(Stored items)

== Segment start ==

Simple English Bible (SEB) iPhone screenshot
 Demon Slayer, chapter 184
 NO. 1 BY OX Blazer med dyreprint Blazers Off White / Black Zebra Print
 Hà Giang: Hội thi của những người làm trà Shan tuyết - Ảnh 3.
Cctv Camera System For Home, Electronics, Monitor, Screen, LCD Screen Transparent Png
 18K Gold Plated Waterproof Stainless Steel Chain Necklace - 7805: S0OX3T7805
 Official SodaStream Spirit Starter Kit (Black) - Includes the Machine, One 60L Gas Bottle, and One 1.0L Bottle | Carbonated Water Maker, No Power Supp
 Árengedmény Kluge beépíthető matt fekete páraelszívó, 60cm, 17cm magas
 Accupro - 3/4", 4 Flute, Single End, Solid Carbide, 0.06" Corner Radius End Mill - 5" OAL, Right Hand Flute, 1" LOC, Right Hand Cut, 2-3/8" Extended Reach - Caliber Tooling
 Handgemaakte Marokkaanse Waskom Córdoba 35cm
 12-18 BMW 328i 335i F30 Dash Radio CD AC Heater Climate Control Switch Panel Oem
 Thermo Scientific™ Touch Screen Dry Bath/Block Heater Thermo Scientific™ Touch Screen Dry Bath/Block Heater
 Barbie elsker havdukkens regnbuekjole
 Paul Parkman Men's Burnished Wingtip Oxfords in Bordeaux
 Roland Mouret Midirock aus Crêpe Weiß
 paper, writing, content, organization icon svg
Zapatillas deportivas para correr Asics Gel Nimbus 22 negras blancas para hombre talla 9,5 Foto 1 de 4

== Segment end ==

■ EXERCISE: Pull out the lines above in which the word "Heater" appears.

■ OUTPUT OF THE TASK:
 12-18 BMW 328i 335i F30 Dash Radio CD AC Heater Climate Control Switch Panel Oem
 Thermo Scientific™ Touch Screen Dry Bath/Block Heater Thermo Scientific™ Touch Screen Dry Bath/Block Heater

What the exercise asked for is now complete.